▶ **BRIEF**: Below are records to write out exactly; drop the pictures when you do.

▶ **MATERIAL SUPPLIED**:
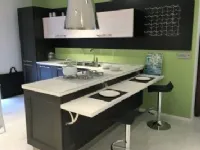 Cucina con penisola Geogia Lube cucine con un ribasso vantaggioso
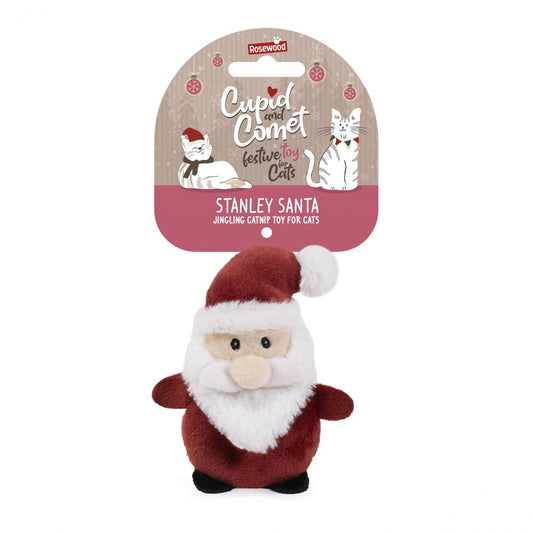 Rosewood Cupid&Comet kat sven santa 1st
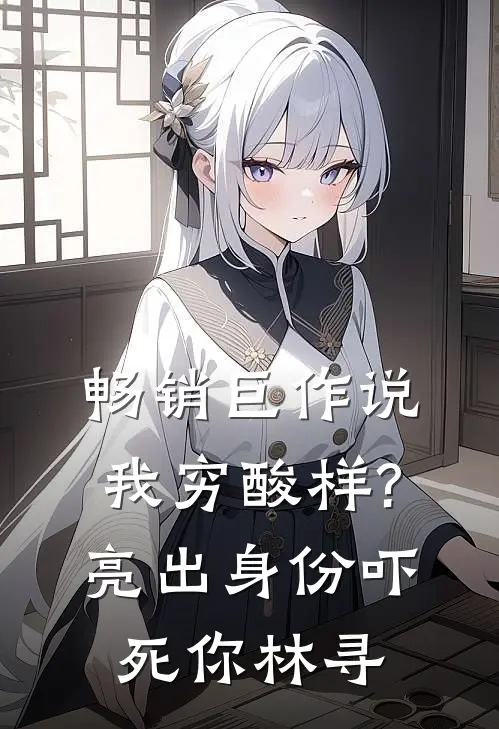 畅销巨作说我穷酸样?亮出身份吓死你林寻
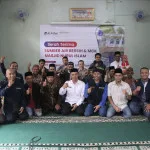 Prudential Syariah dan LAZ Waf Al Azhar Kolaborasi untuk Mewujudkan Sumber Air Bersih dan MCK di Desa Pelosok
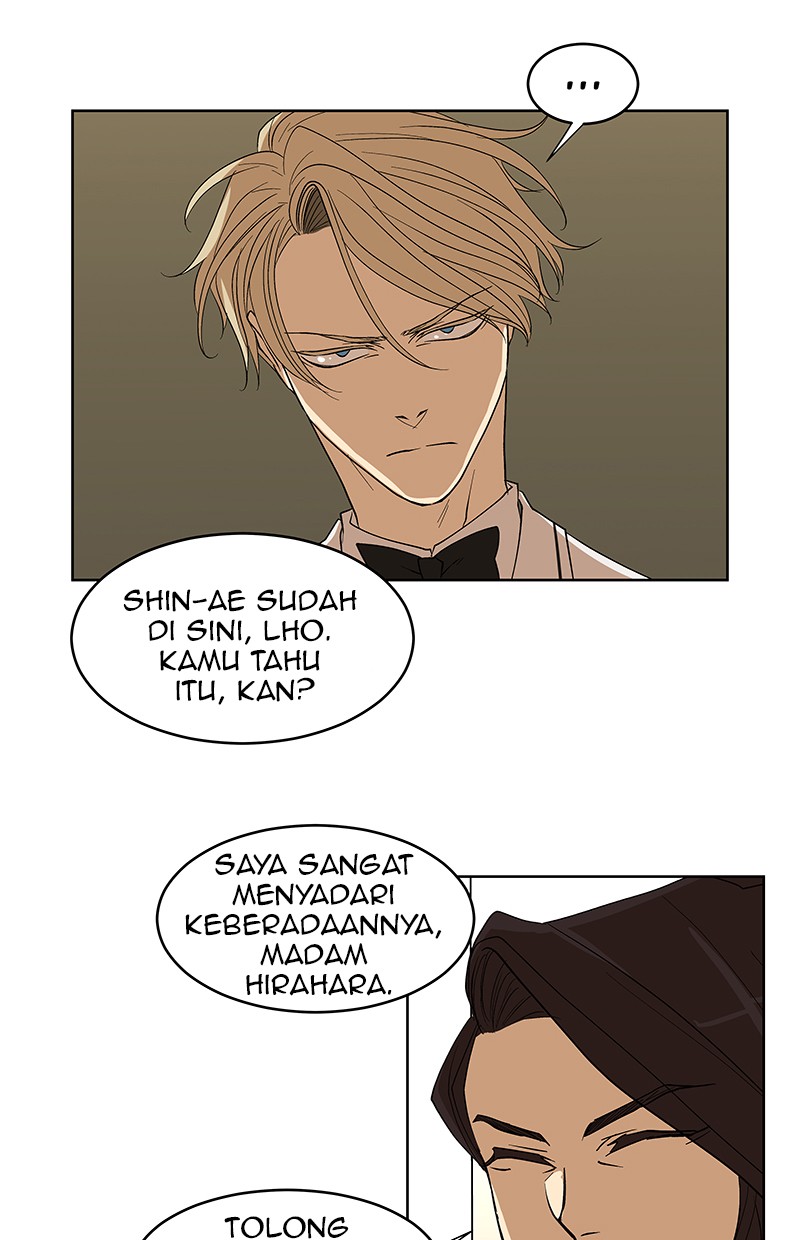 I Love Yoo chapter 58 halaman 49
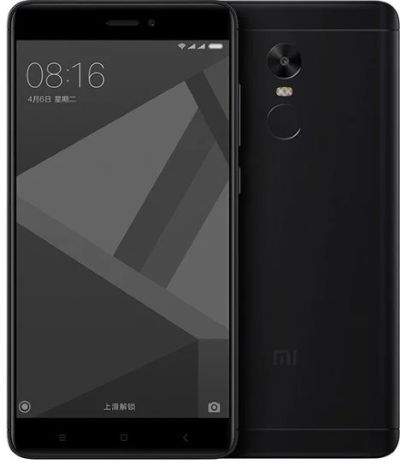 Лот: 11977471. Фото: 1. RedMi 4X 32Gb. Смартфоны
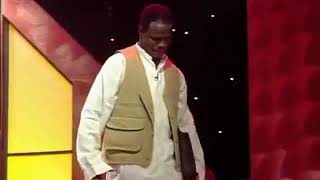 CHRIS EUBANK FUNNY MRS MERTON SHOW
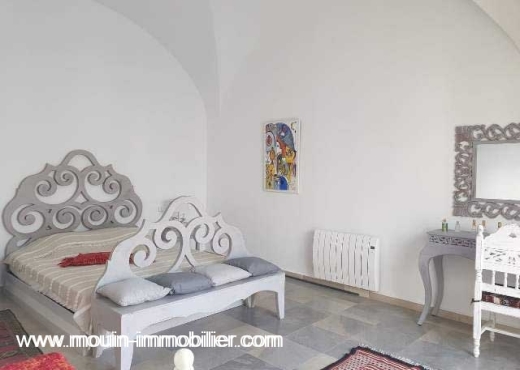VILLA LEONARDO Hammamet AL2897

▶ **WRITTEN SOLUTION**:
 Cucina con penisola Geogia Lube cucine con un ribasso vantaggioso
 Rosewood Cupid&Comet kat sven santa 1st
 畅销巨作说我穷酸样?亮出身份吓死你林寻
 Prudential Syariah dan LAZ Waf Al Azhar Kolaborasi untuk Mewujudkan Sumber Air Bersih dan MCK di Desa Pelosok
 I Love Yoo chapter 58 halaman 49
 Лот: 11977471. Фото: 1. RedMi 4X 32Gb. Смартфоны
 CHRIS EUBANK FUNNY MRS MERTON SHOW
VILLA LEONARDO Hammamet AL2897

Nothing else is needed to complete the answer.